### TASK DESCRIPTION
Retype the listing below line for line, but only from the line with "NJ1048 : Cooling" down to the line with "Original Butterfly Image", inclusive. Pictures stay out.
[Opening RECORDS SUPPLIED section]
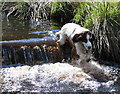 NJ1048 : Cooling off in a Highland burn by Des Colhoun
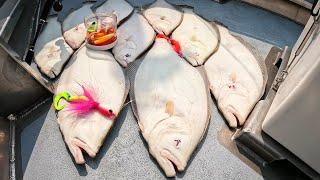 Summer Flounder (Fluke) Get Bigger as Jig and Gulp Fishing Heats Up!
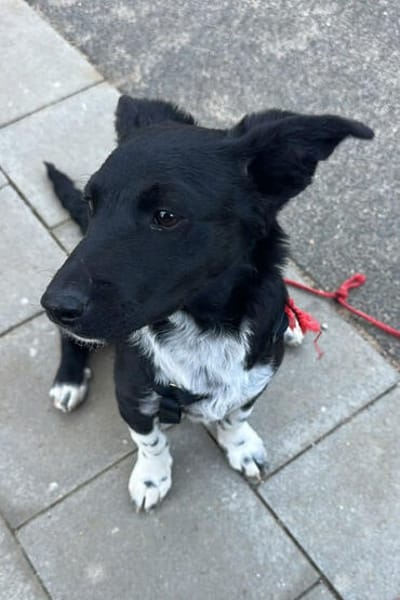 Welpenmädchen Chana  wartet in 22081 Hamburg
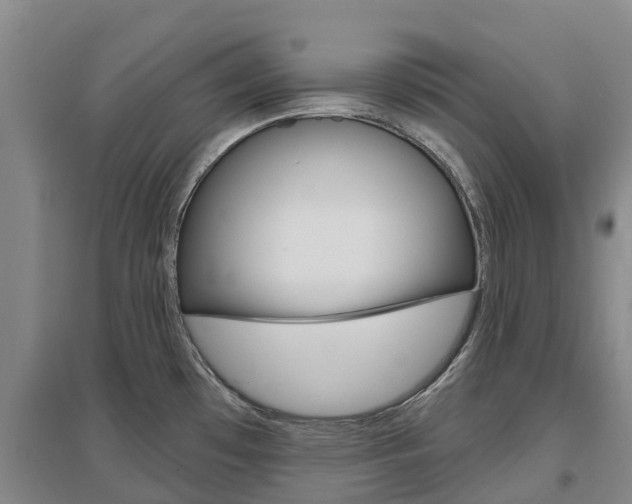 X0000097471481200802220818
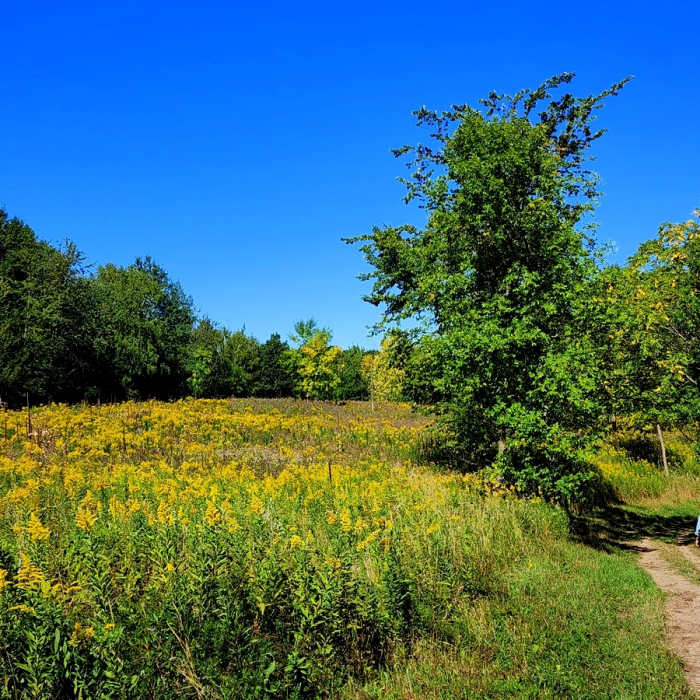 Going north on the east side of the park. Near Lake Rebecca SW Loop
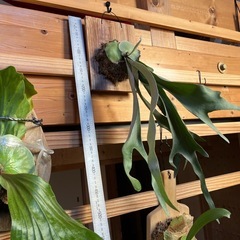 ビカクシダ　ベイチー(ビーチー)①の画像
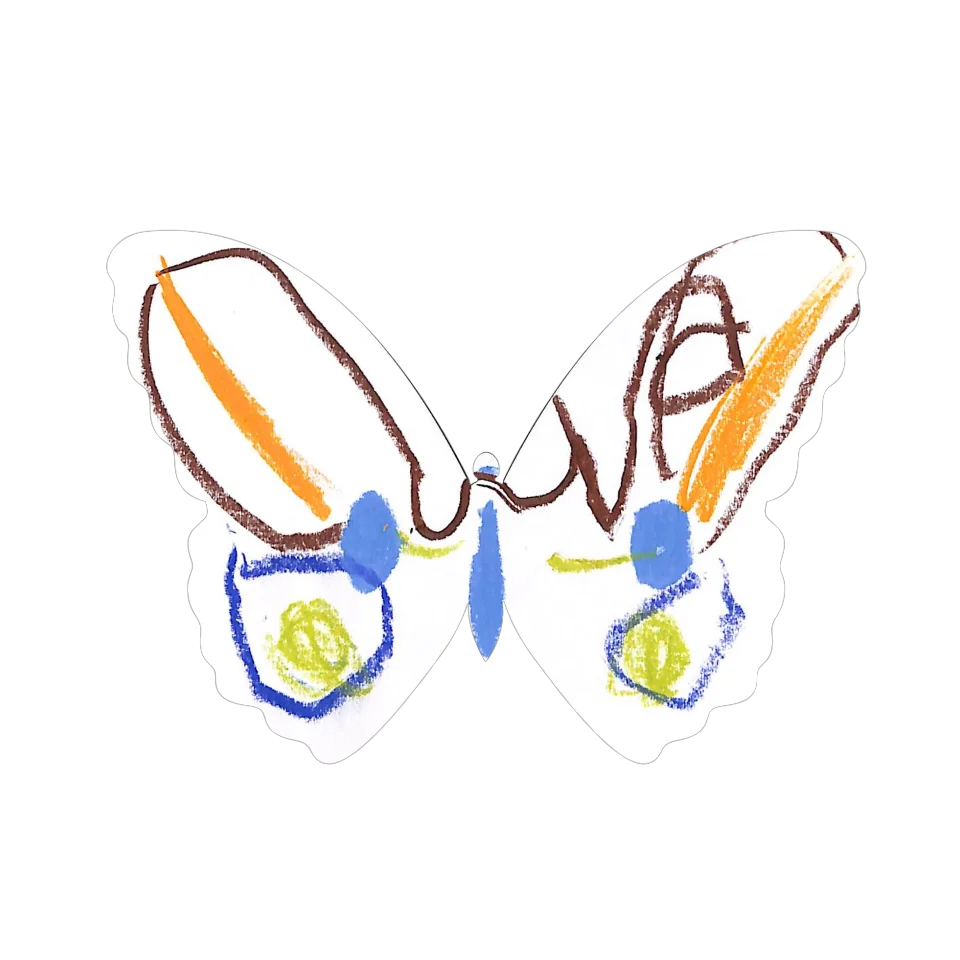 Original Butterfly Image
[Closing RECORDS SUPPLIED section]
[Opening RECORDS SUPPLIED section]
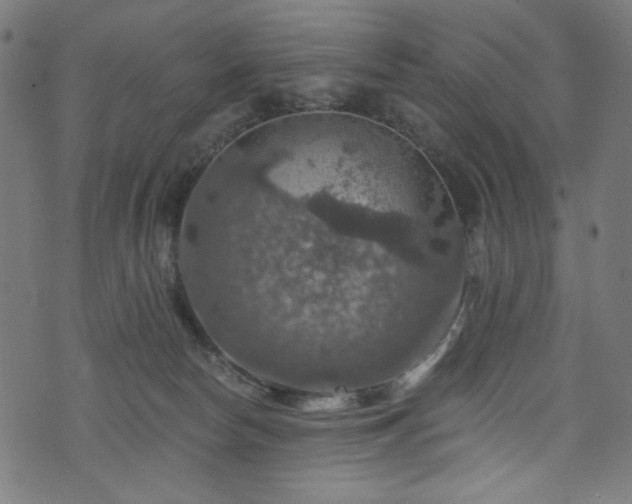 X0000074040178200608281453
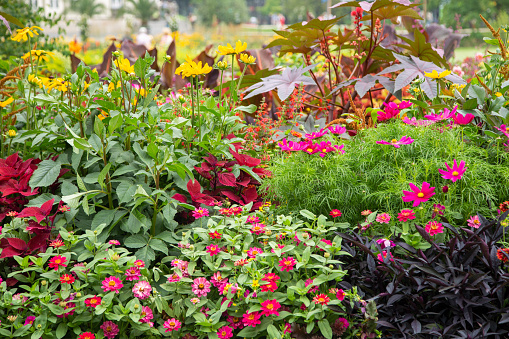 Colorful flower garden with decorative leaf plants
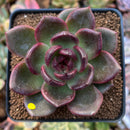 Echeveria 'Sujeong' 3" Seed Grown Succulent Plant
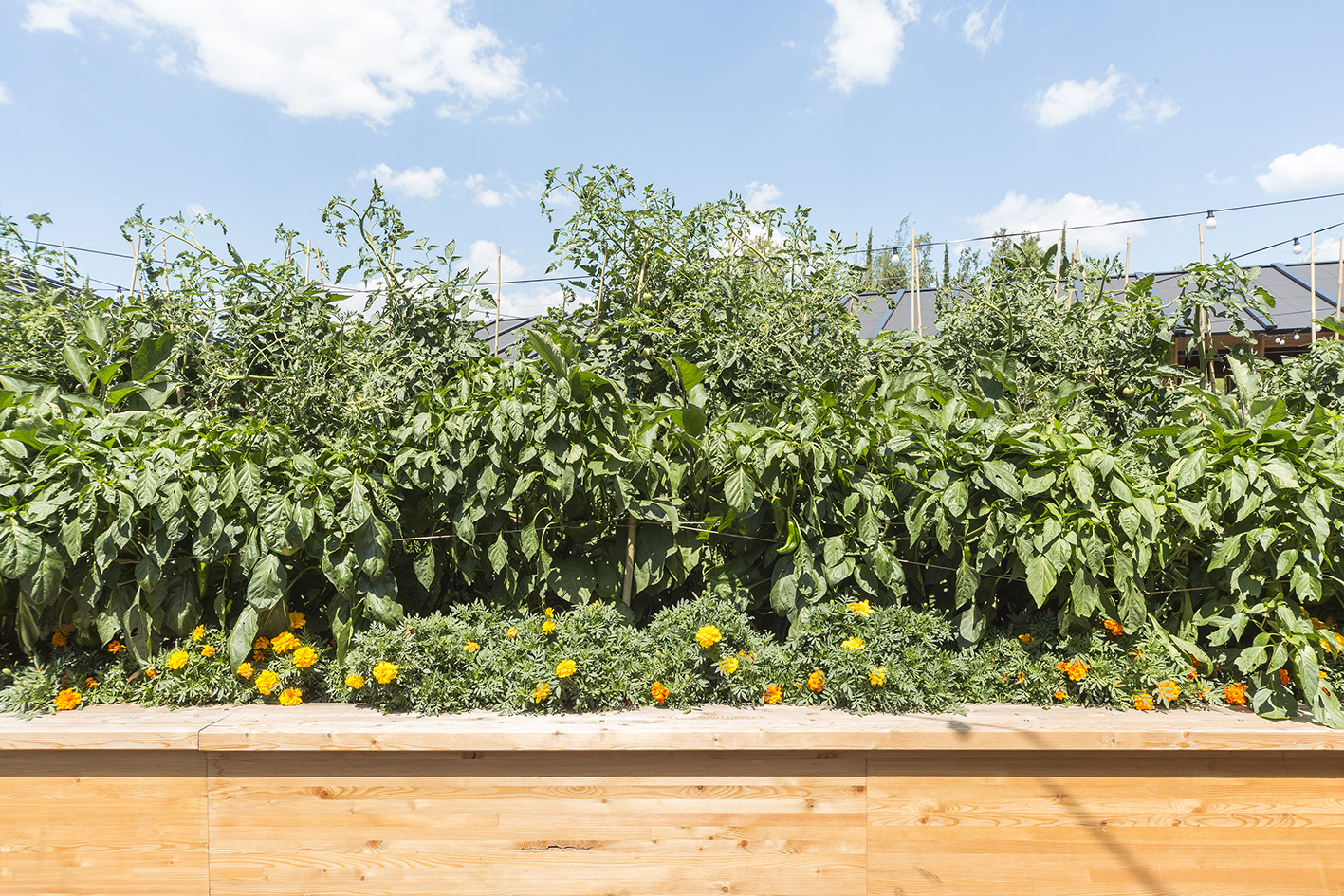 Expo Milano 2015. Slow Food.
[Closing RECORDS SUPPLIED section]
### ANSWER AREA
 NJ1048 : Cooling off in a Highland burn by Des Colhoun
 Summer Flounder (Fluke) Get Bigger as Jig and Gulp Fishing Heats Up!
 Welpenmädchen Chana  wartet in 22081 Hamburg
 X0000097471481200802220818
 Going north on the east side of the park. Near Lake Rebecca SW Loop
 ビカクシダ　ベイチー(ビーチー)①の画像
 Original Butterfly Image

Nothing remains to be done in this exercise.